The essential takeaway about the secretary of defense is that in under a month, with the United States engaged in combat against the planet’s most perilous Islamist regime, he’s sparked not one but two news cycles revolving around Kid Rock.
The initial episode emerged late last month when two Apache helicopters carried out an unauthorized pass over the home of the Trump-supporting musician in Tennessee. The Army promptly opened a disciplinary inquiry, and Pete Hegseth promptly shut it down. “No punishment. No investigation. Carry on, patriots,” he boasted. It turns out Donald Trump’s military operates similarly to the rest of his administration: rule-breaking is acceptable as long as a MAGA ally reaps the rewards.
Hegseth doubled his defense Monday. As the confrontation in the Strait of Hormuz continued, aggravating an oil crisis that is set to grow significantly worse, word spread that Kid Rock had arrived at Fort Belvoir in Virginia. The reason? To pilot Apaches with Hegseth, naturally. “Apaches typically have two pilots,” DropSite News’ Ryan Grim noted in his coverage of the joyride, “but they took off with one so the two men could each ride shotgun.”
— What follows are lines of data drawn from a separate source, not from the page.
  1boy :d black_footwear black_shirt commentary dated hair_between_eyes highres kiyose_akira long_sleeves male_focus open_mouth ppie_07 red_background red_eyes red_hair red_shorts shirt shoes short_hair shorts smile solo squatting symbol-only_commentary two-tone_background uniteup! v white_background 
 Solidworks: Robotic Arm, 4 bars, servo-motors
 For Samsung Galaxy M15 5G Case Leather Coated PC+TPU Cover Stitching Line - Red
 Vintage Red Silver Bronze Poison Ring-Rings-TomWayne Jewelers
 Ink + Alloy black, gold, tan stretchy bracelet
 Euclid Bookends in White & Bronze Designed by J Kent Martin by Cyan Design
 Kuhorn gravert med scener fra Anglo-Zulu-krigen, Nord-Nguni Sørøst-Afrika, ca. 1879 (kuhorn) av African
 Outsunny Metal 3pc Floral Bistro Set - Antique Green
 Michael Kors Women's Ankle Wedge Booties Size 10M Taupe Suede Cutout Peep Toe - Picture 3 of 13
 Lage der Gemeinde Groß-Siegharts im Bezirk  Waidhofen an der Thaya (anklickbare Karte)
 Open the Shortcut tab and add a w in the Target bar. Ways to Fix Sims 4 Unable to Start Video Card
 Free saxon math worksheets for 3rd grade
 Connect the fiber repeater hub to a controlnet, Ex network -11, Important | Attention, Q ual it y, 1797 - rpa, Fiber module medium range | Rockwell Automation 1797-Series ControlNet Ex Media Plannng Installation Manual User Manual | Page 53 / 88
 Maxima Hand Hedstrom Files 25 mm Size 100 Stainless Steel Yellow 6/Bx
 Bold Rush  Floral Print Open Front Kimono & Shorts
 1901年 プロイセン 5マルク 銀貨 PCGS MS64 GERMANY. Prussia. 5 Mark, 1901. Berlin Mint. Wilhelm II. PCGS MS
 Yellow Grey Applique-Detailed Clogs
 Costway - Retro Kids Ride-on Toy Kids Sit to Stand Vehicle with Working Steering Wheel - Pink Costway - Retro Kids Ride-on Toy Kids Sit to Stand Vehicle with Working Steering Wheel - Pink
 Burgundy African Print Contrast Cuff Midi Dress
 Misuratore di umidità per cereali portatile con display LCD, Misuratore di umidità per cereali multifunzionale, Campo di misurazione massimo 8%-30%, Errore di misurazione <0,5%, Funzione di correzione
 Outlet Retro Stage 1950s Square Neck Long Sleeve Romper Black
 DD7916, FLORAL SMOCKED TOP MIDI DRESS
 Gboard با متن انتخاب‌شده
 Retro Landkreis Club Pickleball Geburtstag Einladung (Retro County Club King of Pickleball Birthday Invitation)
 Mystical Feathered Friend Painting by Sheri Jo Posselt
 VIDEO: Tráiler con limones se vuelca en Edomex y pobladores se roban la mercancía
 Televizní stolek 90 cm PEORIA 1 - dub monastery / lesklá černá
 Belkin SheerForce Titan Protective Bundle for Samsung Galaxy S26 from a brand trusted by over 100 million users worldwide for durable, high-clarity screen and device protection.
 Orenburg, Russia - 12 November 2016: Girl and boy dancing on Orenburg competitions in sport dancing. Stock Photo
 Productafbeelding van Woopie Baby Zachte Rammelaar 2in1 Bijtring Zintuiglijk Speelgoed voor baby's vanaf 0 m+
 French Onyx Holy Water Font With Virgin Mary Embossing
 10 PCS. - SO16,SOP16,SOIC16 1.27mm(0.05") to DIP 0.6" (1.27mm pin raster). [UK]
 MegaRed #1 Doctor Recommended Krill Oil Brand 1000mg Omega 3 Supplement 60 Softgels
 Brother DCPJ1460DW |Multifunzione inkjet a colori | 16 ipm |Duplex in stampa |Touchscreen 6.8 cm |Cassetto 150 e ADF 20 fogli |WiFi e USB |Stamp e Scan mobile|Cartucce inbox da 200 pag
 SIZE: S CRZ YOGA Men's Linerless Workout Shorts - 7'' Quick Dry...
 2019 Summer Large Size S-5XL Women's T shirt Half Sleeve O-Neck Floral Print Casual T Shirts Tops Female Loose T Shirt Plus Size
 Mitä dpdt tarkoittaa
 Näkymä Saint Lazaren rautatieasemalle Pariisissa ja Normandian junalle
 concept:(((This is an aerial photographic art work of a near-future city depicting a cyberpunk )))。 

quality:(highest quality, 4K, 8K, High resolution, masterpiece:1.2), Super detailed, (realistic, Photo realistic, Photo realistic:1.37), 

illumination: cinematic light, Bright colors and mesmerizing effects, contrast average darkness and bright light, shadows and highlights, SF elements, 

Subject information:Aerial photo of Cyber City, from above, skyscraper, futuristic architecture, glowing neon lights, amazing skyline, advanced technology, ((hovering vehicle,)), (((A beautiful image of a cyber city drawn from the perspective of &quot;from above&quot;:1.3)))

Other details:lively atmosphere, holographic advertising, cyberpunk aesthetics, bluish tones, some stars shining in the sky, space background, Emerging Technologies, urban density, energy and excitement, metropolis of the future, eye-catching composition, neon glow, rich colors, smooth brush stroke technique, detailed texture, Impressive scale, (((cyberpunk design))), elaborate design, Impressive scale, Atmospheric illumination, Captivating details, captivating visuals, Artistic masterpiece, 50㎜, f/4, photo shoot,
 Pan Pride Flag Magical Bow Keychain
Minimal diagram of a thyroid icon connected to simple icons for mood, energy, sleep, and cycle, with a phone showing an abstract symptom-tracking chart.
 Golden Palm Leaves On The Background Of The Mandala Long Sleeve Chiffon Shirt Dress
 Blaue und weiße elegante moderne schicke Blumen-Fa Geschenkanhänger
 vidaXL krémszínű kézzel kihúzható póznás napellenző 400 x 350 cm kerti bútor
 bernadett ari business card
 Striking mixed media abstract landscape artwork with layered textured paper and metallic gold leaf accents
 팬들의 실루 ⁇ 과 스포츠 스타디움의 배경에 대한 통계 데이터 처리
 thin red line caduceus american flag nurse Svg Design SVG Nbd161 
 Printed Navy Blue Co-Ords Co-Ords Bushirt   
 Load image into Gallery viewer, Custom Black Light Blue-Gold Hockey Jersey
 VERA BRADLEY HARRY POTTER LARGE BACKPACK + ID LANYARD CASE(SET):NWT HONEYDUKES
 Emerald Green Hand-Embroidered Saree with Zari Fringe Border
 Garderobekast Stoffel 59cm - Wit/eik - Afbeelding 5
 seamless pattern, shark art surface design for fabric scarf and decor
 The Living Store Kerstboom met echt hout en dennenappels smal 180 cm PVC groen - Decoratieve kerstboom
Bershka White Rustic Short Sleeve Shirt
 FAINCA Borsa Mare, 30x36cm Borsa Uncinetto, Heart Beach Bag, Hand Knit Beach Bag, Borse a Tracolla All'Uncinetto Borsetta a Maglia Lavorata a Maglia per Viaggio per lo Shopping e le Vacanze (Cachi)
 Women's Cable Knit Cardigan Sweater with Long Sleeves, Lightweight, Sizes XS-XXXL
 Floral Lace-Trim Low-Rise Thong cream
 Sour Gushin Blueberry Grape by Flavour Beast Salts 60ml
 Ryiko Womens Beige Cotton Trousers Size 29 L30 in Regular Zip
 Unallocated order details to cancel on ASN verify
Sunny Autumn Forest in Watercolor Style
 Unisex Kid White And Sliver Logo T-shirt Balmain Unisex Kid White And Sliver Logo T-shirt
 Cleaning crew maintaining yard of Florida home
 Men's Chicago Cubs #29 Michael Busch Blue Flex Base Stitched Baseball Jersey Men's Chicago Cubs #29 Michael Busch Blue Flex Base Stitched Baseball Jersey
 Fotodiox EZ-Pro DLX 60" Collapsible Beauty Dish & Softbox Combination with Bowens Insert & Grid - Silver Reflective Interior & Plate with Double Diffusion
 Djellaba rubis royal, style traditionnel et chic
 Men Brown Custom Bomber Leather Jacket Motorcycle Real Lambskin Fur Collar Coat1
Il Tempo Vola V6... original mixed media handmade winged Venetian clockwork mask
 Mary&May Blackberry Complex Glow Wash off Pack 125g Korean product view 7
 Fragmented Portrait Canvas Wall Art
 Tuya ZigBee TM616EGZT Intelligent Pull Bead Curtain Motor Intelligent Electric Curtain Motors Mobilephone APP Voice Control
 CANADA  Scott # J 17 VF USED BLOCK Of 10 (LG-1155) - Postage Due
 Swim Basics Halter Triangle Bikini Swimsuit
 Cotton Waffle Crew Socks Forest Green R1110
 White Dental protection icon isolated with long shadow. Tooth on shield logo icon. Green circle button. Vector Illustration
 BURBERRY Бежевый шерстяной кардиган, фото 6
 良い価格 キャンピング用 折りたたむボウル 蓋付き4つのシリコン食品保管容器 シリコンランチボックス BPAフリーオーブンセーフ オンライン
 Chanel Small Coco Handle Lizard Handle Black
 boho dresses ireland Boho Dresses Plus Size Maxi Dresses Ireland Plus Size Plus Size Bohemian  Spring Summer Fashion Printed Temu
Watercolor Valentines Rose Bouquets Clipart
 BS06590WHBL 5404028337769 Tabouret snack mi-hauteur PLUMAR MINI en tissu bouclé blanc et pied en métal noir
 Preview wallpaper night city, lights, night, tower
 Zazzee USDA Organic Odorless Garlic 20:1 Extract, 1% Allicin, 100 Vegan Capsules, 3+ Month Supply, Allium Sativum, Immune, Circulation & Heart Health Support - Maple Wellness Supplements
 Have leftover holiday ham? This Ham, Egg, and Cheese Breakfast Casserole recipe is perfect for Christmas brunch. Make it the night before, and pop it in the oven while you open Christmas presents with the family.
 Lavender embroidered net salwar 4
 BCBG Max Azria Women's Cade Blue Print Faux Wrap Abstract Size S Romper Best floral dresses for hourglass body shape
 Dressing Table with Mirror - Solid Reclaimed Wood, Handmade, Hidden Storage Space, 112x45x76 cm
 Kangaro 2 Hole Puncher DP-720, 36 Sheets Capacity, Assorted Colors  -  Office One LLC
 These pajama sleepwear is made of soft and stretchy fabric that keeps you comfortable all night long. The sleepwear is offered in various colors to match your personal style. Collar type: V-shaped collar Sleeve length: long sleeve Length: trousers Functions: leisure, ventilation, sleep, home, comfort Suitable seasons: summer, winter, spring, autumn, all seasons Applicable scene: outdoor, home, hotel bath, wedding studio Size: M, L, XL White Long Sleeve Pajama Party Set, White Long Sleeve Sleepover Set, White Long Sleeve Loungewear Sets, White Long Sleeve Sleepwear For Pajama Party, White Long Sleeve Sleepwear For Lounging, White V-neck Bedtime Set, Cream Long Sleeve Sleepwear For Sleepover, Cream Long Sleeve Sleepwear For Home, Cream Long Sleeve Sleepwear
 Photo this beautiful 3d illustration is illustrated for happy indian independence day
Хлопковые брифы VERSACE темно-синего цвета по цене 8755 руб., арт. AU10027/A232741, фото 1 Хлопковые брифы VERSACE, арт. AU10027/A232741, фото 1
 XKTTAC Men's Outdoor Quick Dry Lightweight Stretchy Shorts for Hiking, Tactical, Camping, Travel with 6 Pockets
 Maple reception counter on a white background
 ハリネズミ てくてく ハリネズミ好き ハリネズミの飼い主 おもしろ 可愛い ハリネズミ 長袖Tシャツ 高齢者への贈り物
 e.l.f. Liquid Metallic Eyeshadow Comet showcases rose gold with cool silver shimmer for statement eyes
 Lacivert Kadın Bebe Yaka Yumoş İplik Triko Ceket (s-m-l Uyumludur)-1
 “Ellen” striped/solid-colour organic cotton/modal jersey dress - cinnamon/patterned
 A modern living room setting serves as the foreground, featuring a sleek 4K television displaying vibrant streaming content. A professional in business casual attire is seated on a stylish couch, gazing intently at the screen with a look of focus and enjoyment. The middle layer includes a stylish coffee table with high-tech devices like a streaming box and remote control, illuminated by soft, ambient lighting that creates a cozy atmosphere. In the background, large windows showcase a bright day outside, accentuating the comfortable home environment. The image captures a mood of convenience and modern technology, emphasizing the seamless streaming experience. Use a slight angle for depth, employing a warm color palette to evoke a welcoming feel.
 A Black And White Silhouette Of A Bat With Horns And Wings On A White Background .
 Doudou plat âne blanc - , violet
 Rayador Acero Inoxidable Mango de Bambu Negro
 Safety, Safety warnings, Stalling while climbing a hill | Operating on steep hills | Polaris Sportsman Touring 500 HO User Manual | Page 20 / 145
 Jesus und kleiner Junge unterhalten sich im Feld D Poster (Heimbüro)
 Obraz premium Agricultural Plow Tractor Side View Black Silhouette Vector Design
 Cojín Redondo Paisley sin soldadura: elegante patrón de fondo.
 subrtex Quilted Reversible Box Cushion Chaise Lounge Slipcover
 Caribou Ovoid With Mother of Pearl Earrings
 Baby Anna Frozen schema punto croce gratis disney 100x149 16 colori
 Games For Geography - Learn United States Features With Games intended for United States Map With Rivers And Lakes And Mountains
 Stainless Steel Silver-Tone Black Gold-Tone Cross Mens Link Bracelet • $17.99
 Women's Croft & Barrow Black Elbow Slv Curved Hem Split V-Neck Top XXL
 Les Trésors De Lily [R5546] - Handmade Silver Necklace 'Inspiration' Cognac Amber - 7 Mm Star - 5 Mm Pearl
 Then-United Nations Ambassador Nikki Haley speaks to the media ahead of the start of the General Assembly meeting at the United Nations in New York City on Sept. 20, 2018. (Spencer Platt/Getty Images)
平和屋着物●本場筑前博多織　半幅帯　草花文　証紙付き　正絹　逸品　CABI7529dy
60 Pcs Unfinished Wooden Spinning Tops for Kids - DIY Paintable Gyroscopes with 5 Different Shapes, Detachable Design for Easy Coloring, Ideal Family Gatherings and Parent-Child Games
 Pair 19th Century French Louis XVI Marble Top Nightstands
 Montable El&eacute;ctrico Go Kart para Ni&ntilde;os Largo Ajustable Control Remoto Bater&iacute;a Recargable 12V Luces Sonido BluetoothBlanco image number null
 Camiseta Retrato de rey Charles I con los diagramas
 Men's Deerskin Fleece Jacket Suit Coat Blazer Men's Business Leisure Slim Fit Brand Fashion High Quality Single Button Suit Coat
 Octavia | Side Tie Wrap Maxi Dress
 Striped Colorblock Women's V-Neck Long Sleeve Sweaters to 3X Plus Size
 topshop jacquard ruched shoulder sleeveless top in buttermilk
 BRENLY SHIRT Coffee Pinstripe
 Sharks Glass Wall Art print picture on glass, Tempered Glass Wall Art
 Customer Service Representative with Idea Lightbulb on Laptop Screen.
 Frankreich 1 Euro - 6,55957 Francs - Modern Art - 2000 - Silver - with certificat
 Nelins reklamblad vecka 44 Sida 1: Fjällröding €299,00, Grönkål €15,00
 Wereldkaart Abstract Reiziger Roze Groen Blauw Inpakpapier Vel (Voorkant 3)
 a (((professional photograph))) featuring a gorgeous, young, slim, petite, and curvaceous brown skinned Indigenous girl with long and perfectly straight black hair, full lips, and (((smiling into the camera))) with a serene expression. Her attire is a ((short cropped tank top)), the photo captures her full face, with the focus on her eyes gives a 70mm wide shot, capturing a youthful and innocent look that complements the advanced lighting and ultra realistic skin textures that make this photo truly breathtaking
Those helicopters aren’t usually based at Fort Belvoir, Grim added. Apparently the Army shuffled air assets during a time of war so the defense secretary could give a low-tier right-wing celebrity a thrill.
Still, turning the U.S. military into a personal Make-a-Wish Foundation for Robert “Kid Rock” Ritchie isn’t the reason Pete Hegseth will eventually lose his job. From the West Wing to the Capitol to the Army itself, many people inside Trump’s government have far stronger reasons to want him gone.
And indeed they want him gone, apparently. The knives are out.
Vance’s Position.
The vice president and his circle have two incentives to want to get rid of the defense secretary.
One is political, as J.D. Vance is desperate for ways to atone to “America First-ers” who are disappointed in him for failing to prevent war with Iran. Pitting himself against Hegseth, the face of the conflict and the most smugly bellicose member of the Cabinet, is a small way to do that.
The other incentive is less obvious. Hegseth has it in for Army Secretary Dan Driscoll, who happens to be an old law-school buddy of Vance’s. That friendship probably explains why Driscoll has survived numerous purges inside the Pentagon over the last 15 months, the most recent of which saw Army chief of staff (and close Driscoll ally) Gen. Randy George sent packing. Vance may have prevailed upon Trump to stick with Driscoll over Hegseth’s objections—so far.